Businesses with operations in Texas have joined a petition in opposition to two legislations that would prohibit transgender fluidity and minor genital mutilation.
On April 19, 43 companies signed a letter against S.B. 29, which would force "public school athletes to participate in interscholastic sporting contests based on biological sex." The bill has now reached the Texas Senate. The bill is now being debated in the state House of Representatives.
Another bill, the S.B. 1646, will change "the concept of child abuse" to include "administering or supplying, or consenting to or assisting in the administering or supplying of, a puberty suppression prescription drug or cross-sex hormone to a child, other than an intersex child, for the purpose of gender transitioning or gender reassignment." This bill is yet to be voted on in the Senate.
According to the Christian Post, these 43 businesses have labeled the bills "divisive" and signed a letter calling for trans-identified athletes to play in girls' athletics and for teenagers to be eligible to undergo elective cosmetic surgery including "double mastectomies, phalloplasties, and orchiectomies (testicle removal)."
They added that that if such bills were to become law, it would " ... send a message that is at odds with the Texas we know, and with our own efforts to attract and retain the best talent and to compete for business.

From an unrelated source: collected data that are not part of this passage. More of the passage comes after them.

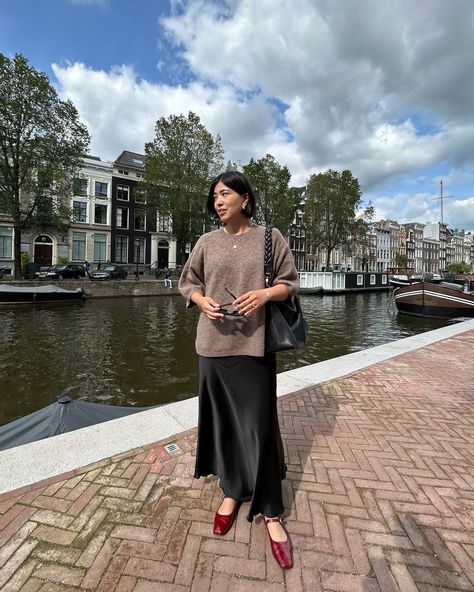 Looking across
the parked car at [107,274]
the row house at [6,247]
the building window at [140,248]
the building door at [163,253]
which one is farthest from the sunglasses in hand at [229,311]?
the building door at [163,253]

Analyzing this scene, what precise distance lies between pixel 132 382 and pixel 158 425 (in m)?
3.41

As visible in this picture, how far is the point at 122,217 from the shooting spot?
3609 centimetres

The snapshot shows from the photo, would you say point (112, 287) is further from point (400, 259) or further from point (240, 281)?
point (400, 259)

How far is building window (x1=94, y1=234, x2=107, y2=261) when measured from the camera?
34.6 meters

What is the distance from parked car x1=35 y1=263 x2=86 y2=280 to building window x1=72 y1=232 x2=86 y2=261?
9.50m

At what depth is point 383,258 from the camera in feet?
248

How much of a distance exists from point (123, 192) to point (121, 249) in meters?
6.42

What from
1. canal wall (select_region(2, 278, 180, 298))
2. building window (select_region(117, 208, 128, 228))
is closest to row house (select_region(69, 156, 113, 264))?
building window (select_region(117, 208, 128, 228))

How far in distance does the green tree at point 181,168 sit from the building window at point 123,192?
349 inches

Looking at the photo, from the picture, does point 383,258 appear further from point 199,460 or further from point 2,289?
point 199,460

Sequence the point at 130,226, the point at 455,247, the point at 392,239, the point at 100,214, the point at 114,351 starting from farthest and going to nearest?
the point at 455,247 → the point at 392,239 → the point at 130,226 → the point at 100,214 → the point at 114,351

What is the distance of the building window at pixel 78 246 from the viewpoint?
33.4 m

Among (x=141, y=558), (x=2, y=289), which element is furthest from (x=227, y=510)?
(x=2, y=289)

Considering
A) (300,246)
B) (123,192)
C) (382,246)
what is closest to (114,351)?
(123,192) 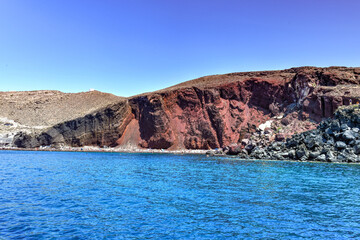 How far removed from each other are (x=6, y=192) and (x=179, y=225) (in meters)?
12.0

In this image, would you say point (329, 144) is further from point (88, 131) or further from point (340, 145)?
point (88, 131)

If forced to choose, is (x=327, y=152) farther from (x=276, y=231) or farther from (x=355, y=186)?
(x=276, y=231)

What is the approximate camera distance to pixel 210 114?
250ft

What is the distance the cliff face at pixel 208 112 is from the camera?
218ft

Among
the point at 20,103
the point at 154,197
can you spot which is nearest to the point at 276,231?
the point at 154,197

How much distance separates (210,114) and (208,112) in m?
0.92

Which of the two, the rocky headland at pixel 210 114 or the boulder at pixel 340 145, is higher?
the rocky headland at pixel 210 114

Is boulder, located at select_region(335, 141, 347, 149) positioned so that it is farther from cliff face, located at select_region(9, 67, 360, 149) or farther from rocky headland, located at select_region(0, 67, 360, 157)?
cliff face, located at select_region(9, 67, 360, 149)

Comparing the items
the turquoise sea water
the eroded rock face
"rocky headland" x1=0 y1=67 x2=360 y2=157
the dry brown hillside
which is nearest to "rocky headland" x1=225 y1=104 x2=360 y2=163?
"rocky headland" x1=0 y1=67 x2=360 y2=157

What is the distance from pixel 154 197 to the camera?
16094 millimetres

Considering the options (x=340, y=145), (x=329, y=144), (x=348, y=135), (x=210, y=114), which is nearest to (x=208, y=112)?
(x=210, y=114)

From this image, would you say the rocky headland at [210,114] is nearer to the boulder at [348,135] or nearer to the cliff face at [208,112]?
the cliff face at [208,112]

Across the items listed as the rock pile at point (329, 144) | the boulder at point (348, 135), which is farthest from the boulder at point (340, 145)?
the boulder at point (348, 135)

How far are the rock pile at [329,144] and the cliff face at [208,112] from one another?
1679 cm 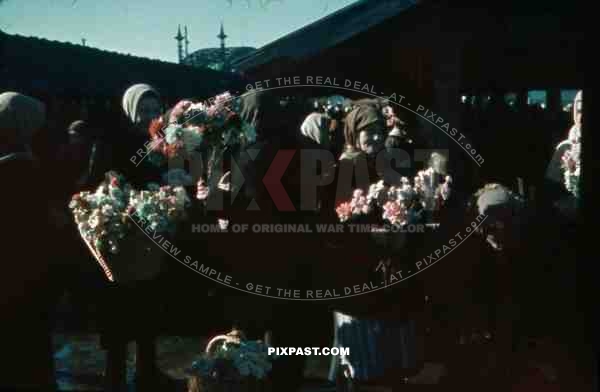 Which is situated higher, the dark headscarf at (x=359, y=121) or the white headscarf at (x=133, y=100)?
the white headscarf at (x=133, y=100)

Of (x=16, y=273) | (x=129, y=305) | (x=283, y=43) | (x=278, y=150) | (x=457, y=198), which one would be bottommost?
(x=129, y=305)

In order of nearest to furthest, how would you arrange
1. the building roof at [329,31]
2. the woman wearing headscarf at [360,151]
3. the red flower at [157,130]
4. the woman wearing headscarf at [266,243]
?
the woman wearing headscarf at [360,151]
the woman wearing headscarf at [266,243]
the red flower at [157,130]
the building roof at [329,31]

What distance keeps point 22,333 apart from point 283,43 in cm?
369

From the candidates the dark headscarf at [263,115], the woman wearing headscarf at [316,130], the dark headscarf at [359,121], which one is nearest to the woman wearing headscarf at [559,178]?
the dark headscarf at [359,121]

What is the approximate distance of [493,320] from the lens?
10.9ft

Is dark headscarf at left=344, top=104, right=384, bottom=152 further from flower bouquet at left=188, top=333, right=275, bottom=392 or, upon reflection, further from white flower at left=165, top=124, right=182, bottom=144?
flower bouquet at left=188, top=333, right=275, bottom=392

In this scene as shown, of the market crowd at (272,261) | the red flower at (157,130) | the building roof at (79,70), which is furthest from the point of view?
the building roof at (79,70)

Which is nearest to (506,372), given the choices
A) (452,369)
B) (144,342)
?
(452,369)

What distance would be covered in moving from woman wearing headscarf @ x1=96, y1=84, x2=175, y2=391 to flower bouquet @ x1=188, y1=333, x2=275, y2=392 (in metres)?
0.58

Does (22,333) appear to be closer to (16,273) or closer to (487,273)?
(16,273)

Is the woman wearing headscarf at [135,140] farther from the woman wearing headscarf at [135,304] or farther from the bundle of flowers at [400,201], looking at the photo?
the bundle of flowers at [400,201]

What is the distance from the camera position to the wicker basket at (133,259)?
10.1 ft

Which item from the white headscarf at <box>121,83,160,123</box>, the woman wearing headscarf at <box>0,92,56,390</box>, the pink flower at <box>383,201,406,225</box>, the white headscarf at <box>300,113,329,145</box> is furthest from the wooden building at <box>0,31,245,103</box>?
the pink flower at <box>383,201,406,225</box>

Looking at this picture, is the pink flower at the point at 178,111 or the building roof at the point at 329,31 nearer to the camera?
the pink flower at the point at 178,111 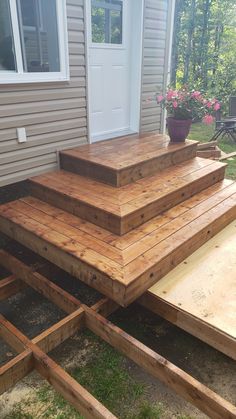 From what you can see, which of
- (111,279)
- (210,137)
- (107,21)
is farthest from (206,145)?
(111,279)

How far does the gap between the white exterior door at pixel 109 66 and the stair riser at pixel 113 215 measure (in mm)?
1438

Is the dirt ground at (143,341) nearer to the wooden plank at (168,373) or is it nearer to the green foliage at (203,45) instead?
the wooden plank at (168,373)

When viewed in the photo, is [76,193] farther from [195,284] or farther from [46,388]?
[46,388]

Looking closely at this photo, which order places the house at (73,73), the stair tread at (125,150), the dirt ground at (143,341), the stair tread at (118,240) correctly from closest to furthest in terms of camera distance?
the dirt ground at (143,341), the stair tread at (118,240), the house at (73,73), the stair tread at (125,150)

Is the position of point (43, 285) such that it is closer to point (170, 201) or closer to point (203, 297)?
point (203, 297)

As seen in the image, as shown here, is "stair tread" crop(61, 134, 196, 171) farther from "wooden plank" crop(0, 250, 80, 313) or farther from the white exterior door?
"wooden plank" crop(0, 250, 80, 313)

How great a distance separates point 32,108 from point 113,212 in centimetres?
164

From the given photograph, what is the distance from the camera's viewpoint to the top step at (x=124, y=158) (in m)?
3.57

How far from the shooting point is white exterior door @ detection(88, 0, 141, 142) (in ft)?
14.4

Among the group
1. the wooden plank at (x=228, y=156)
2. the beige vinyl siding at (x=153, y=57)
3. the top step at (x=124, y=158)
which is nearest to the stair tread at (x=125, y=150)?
the top step at (x=124, y=158)

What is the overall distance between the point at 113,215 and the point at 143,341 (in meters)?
1.07

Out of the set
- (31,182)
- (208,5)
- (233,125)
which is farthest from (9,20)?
(208,5)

We will continue to oppose any unnecessary, divisive measures that would damage Texas' reputation and make our customers, our visitors, and our employees and their families feel unwelcome or unsafe."
According to the letter drafted by Texas Competes, an LGBT rights organization, they are worried about attempts to exempt transgender youth from "from full participation in their communities" and the criminalization of care procedures that have been "proven to save lives."
Additionally, they assert that these efforts are intended to restrict LGBTQ individuals in other cases such as access to healthcare or when they need legal counsel.
In support, the corporations also voiced that they'll back policies that will amend Texas' outdated non-discrimination legislation to protect transgendered individuals.
Amazon, American Airlines, Apple, Dell Technologies, Dow Jones, Facebook, IBM, Levi Strauss & Co, Microsoft, PayPal, and United Airlines are among the companies who have signed the letter.
A different but identical statement drafted by the LGBT advocacy groups Human Rights Campaign and the Freedom for All Americans Education Fund has been endorsed by 86 corporations from throughout the United States (including those that are mentioned in the Texas Competes statement).
The statement, which is titled 'Business Statement on Anti-LGBTQ Legislation,' addressed the increasing legislation "which only singles out LGBTQ individuals."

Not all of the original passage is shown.